The Monthly Dose April 2021

Hello all - Happy Spring! It has been such a treat to play, run, and garden in the warm weather! I hope everyone is taking care of themselves as we make another push to keep our communities healthy and safe. It is also my last push before running a virtual 1/2 marathon in May. I’ll write a little update next month:)

Passion paradox: a standard non-fiction in which too little content was built into 200 pages but it was still good food for thought. A couple key points - one, the common mantra of, follow your passions, can be misleading, and two, any passion comes at a cost to other areas of your life. Sometimes this cost is worth it, sometimes it is not. Taking the time to reflect allows us to either embrace the imbalance or recognize it when it has gone too far.

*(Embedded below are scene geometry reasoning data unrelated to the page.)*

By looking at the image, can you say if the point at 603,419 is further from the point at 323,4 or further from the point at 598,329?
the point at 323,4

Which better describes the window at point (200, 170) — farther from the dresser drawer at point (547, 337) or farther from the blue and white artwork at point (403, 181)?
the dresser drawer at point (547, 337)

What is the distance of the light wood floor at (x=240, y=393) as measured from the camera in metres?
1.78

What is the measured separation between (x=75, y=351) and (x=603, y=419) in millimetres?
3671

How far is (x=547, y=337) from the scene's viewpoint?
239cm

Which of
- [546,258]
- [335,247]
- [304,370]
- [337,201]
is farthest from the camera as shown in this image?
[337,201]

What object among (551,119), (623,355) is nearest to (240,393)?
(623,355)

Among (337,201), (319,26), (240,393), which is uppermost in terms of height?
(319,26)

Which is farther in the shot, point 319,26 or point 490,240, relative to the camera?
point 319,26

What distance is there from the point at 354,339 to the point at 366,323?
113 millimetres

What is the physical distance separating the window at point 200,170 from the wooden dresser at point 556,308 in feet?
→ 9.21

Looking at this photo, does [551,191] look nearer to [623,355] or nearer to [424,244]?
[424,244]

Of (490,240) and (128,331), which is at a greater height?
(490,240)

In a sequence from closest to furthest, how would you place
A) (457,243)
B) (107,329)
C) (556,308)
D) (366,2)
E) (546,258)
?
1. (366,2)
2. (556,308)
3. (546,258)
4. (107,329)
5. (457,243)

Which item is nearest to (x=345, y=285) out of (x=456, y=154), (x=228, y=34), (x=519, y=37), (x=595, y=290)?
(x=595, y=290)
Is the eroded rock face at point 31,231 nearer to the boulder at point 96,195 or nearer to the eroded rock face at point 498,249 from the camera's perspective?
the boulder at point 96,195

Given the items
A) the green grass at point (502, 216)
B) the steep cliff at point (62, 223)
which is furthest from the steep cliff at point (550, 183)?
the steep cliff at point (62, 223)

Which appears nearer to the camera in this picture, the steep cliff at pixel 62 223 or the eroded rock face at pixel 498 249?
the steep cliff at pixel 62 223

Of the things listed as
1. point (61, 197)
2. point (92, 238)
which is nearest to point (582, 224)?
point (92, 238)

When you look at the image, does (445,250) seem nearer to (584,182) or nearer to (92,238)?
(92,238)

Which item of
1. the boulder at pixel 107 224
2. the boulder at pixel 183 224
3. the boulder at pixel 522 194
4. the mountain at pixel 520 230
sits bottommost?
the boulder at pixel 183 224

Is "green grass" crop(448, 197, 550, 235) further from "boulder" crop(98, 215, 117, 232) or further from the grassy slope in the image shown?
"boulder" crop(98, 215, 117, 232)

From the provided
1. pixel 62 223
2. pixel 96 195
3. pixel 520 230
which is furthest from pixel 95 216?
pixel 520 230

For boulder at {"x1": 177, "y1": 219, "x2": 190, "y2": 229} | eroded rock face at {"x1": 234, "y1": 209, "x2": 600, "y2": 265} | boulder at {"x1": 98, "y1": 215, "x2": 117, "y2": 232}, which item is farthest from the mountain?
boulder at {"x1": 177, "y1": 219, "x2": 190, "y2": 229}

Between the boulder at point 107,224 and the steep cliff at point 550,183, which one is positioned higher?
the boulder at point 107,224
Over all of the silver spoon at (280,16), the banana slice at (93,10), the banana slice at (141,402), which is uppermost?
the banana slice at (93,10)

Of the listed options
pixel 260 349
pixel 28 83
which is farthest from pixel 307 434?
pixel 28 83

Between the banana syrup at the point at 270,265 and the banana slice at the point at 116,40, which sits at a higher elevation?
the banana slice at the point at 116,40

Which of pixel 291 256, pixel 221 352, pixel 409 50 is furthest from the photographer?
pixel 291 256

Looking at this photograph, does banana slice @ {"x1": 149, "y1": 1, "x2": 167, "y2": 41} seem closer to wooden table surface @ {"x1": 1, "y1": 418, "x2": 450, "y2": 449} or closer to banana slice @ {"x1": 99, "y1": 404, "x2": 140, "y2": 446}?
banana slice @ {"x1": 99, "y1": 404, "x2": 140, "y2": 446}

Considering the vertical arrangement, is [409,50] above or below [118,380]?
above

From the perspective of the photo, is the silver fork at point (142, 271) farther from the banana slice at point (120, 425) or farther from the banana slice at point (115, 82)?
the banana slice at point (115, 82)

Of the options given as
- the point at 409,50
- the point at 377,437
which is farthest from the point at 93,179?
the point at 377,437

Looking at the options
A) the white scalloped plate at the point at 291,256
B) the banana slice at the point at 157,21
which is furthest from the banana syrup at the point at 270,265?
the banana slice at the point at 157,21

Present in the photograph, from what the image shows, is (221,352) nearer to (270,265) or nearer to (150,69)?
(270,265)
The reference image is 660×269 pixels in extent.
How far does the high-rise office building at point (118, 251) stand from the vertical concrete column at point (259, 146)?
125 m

Grub: a fantastic review on a recent study on the effects of turmeric and osteoarthritis (OA) of the knee. The introduction on OA is on point and is a far better review than you would see in the typical media channels. I won’t give away the conclusion as it is worth reading in its entirety:)

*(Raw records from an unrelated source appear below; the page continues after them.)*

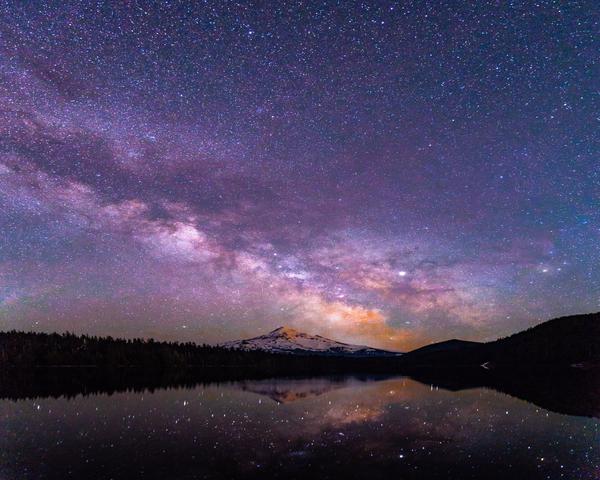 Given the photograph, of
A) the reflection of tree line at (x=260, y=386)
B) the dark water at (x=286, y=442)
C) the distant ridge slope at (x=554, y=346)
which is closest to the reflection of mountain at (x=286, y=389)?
the reflection of tree line at (x=260, y=386)

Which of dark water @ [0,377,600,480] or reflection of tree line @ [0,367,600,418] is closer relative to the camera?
dark water @ [0,377,600,480]

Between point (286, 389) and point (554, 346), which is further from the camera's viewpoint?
point (554, 346)

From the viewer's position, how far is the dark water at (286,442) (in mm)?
12055

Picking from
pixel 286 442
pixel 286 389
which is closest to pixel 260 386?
pixel 286 389

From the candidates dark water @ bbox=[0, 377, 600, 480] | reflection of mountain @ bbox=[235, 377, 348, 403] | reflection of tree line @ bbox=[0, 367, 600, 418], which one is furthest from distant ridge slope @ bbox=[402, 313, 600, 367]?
dark water @ bbox=[0, 377, 600, 480]

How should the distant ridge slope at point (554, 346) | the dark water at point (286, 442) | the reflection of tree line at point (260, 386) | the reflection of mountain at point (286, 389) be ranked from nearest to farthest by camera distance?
1. the dark water at point (286, 442)
2. the reflection of tree line at point (260, 386)
3. the reflection of mountain at point (286, 389)
4. the distant ridge slope at point (554, 346)

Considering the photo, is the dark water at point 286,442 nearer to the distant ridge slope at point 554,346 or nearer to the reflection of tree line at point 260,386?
the reflection of tree line at point 260,386

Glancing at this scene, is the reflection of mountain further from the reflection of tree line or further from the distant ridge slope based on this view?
the distant ridge slope

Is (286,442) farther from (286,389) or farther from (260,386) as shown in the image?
(260,386)

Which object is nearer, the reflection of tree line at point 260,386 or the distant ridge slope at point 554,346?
the reflection of tree line at point 260,386

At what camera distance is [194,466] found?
40.0 ft

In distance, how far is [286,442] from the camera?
15.8 metres

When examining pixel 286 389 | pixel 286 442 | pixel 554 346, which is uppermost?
pixel 554 346

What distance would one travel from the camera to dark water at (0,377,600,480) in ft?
39.5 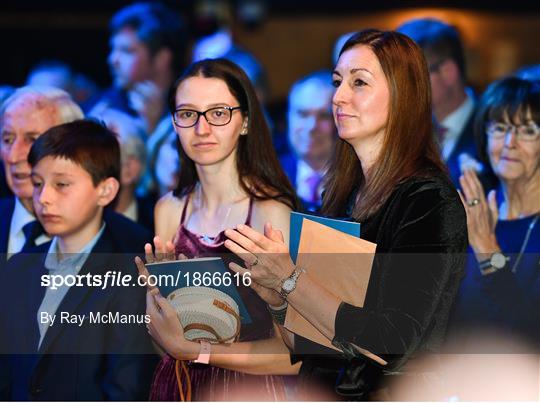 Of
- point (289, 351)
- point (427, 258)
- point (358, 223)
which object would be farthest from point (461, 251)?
point (289, 351)

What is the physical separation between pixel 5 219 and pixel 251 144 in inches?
49.0

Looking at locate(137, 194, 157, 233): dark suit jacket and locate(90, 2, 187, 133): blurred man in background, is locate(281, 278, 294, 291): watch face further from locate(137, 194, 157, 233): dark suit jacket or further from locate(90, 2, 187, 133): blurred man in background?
locate(90, 2, 187, 133): blurred man in background

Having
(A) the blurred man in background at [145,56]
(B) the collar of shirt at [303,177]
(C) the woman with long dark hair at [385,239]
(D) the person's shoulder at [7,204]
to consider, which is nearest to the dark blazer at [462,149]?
(B) the collar of shirt at [303,177]

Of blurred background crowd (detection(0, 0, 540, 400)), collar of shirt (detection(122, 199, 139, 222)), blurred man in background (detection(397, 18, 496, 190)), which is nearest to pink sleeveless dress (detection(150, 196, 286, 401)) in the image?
blurred background crowd (detection(0, 0, 540, 400))

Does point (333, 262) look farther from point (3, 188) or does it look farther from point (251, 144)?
point (3, 188)

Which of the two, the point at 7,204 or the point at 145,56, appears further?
the point at 145,56

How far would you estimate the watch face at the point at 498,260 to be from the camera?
355cm

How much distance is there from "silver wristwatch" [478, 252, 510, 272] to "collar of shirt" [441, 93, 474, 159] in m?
1.13

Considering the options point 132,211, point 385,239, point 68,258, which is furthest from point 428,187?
point 132,211

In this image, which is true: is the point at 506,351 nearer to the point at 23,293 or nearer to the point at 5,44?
the point at 23,293

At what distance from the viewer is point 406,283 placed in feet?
8.19

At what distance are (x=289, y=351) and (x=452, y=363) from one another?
1.77ft

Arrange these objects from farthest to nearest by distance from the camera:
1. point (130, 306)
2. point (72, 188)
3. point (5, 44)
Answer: point (5, 44) < point (72, 188) < point (130, 306)

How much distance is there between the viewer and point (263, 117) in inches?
129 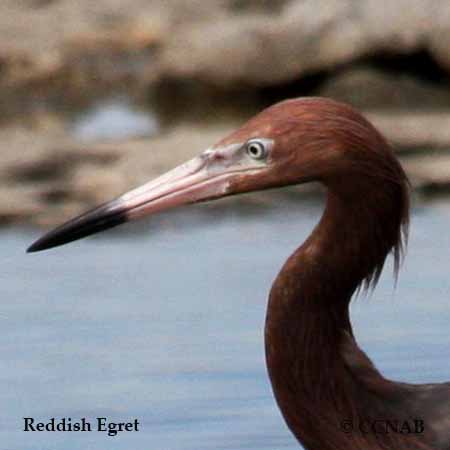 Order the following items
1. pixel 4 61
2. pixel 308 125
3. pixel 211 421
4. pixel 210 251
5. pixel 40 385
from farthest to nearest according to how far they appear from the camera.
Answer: pixel 4 61, pixel 210 251, pixel 40 385, pixel 211 421, pixel 308 125

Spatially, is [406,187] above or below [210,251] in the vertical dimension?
above

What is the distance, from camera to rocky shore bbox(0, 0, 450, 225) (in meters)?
13.0

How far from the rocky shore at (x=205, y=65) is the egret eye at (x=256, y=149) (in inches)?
256

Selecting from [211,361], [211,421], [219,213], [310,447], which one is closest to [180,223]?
[219,213]

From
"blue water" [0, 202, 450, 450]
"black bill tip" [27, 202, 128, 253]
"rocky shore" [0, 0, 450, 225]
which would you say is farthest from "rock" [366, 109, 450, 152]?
Answer: "black bill tip" [27, 202, 128, 253]

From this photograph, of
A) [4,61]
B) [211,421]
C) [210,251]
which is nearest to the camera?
[211,421]

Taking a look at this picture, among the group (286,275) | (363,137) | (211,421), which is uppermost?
(363,137)

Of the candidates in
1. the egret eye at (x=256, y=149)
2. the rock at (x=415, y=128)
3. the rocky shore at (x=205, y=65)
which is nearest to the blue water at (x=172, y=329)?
the egret eye at (x=256, y=149)

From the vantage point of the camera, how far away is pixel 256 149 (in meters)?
5.55

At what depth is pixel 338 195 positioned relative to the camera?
5562 millimetres

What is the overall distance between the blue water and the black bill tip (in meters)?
1.05

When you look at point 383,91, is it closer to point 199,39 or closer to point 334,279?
point 199,39

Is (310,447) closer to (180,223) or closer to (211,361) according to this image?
(211,361)

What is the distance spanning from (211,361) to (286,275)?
186 cm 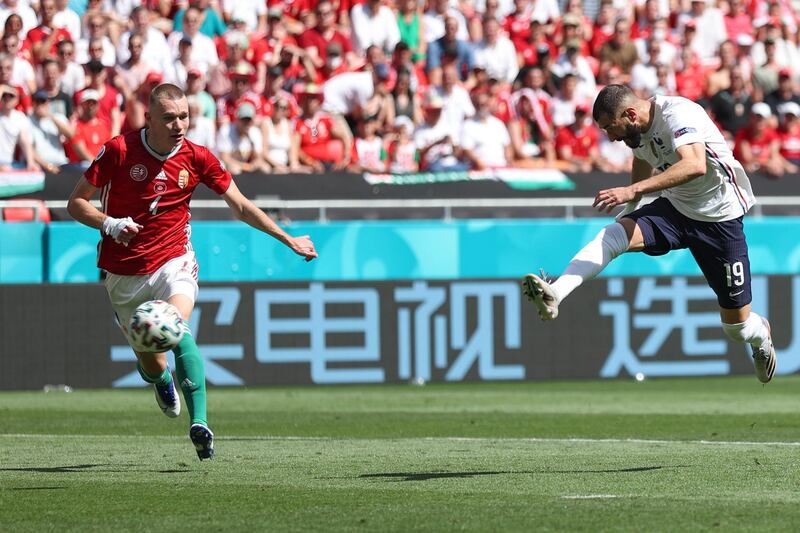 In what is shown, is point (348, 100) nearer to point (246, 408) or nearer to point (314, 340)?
point (314, 340)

Sleep: Nap, friend or foe….The nap paradox. An in depth review of the benefits and detriments of napping. Its another read that highlights the middle ground. The nap can be a friend or a foe - it depends;)

New books

  1. The Underground railroad.

  2. 21 things you need to know about the Indian Act

  3. Factfullness - what a wonderful read. Recommended by a friend who saw it on Bill Gates book list.

  4. Psychology of Money - an easy read. 20 short stories on Money.

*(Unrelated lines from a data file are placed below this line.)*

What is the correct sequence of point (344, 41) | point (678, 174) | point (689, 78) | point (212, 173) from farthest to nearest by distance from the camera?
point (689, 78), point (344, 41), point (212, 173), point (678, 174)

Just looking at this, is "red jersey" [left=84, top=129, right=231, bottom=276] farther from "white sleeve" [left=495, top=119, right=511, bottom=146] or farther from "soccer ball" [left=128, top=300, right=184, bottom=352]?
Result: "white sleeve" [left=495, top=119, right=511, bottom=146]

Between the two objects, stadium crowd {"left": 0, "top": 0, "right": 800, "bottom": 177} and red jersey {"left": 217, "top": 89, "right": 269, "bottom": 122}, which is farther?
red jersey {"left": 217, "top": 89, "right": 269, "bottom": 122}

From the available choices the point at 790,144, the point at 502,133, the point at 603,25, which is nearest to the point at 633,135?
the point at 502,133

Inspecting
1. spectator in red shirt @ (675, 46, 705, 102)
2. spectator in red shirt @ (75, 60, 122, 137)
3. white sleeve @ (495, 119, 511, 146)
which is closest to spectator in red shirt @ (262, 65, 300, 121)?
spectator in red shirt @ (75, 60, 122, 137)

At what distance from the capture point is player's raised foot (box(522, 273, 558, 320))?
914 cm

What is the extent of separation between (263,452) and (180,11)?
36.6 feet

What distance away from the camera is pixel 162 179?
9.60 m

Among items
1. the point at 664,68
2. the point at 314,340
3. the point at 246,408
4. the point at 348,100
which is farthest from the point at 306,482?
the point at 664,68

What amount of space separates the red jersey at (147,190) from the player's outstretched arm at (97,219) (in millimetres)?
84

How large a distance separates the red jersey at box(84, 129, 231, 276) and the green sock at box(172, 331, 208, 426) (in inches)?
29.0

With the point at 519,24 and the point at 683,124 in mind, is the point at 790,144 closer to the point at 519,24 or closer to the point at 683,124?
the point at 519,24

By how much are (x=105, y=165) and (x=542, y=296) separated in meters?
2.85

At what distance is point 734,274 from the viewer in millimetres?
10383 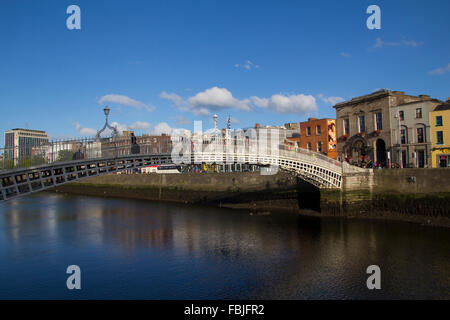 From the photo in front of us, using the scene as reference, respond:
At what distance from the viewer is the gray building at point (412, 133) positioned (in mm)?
30062

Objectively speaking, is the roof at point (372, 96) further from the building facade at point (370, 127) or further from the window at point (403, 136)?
the window at point (403, 136)

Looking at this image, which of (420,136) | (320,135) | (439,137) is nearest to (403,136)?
(420,136)

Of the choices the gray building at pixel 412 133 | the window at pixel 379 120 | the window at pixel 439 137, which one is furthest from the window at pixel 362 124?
the window at pixel 439 137

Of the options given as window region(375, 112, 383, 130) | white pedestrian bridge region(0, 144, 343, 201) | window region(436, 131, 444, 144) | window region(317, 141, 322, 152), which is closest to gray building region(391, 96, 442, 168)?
window region(436, 131, 444, 144)

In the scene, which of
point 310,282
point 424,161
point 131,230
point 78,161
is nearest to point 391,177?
point 424,161

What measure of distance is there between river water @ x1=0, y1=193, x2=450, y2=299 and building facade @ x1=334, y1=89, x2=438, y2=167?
11464mm

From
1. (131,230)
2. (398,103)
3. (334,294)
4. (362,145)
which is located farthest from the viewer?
(362,145)

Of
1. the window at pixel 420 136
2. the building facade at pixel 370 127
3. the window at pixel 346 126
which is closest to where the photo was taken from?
the window at pixel 420 136

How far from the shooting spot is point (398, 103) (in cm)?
3247

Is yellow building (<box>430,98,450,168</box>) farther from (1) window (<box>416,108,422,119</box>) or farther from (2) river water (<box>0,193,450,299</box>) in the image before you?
(2) river water (<box>0,193,450,299</box>)

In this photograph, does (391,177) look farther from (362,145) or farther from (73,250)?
(73,250)

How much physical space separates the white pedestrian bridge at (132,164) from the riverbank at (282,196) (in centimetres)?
216

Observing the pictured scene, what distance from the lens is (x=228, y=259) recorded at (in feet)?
57.0
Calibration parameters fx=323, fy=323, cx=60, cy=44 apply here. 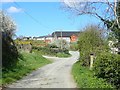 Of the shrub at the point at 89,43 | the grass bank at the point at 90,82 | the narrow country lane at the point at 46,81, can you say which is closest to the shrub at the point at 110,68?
the grass bank at the point at 90,82

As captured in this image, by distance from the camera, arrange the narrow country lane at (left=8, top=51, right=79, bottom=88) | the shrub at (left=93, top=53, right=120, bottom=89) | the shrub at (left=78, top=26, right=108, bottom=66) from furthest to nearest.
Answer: the shrub at (left=78, top=26, right=108, bottom=66) → the shrub at (left=93, top=53, right=120, bottom=89) → the narrow country lane at (left=8, top=51, right=79, bottom=88)

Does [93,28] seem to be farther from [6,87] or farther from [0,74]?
[6,87]

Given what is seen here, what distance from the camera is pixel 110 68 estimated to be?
19.9 metres

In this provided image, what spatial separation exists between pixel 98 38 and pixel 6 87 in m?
20.4

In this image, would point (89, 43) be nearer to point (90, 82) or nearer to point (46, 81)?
point (46, 81)

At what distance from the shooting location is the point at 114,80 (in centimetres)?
1992

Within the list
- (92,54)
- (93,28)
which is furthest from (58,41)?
(92,54)

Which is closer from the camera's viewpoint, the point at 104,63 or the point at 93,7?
the point at 104,63

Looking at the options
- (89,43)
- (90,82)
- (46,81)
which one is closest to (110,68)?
(90,82)

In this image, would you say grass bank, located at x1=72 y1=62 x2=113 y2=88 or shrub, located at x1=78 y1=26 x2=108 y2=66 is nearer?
grass bank, located at x1=72 y1=62 x2=113 y2=88

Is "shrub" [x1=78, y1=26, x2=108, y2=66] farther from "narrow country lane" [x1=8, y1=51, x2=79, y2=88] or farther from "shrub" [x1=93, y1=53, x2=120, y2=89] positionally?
"shrub" [x1=93, y1=53, x2=120, y2=89]

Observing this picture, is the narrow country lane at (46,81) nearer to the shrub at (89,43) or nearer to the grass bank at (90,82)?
the grass bank at (90,82)

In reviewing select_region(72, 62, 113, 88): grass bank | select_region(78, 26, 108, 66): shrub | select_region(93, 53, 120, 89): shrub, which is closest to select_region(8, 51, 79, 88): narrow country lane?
Answer: select_region(72, 62, 113, 88): grass bank

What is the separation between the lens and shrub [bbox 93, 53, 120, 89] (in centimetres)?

I thought I would finish with a short reflection on finding the middle. After reading a few non-fiction books over the past month I was struck by a theme that traversed all three books. So much of our life, whether it’s health, wealth or politics appears to be driven by the edges. The more you read, the more you realize how important the middle ground is. As Timothy Caulfield discusses in his book, Relax Dammit, our choices are often simple and intuitive but we get distracted by health pitches and find it hard to stay consistent (exercise, sleep, cooking food) . In Factfulness, Hans Rosling, reminds us that most political decisions are not either or, but probably a bit of both. In some cases more to the right in others more to the left. The same for managing our money - sometimes our decisions can be reasonable but not perfectly rational - there is room for grey. Getting comfortable with this idea and using this lens when reading or considering new ideas can be helpful.

Lastly - I’ll pitch blood donation again:) Did you book a blood donation? It is a simple and rewarding way to give back. It doesn’t take anywhere near as much time as it used to (very streamlined) and they still offer cookies:). See if you are eligible.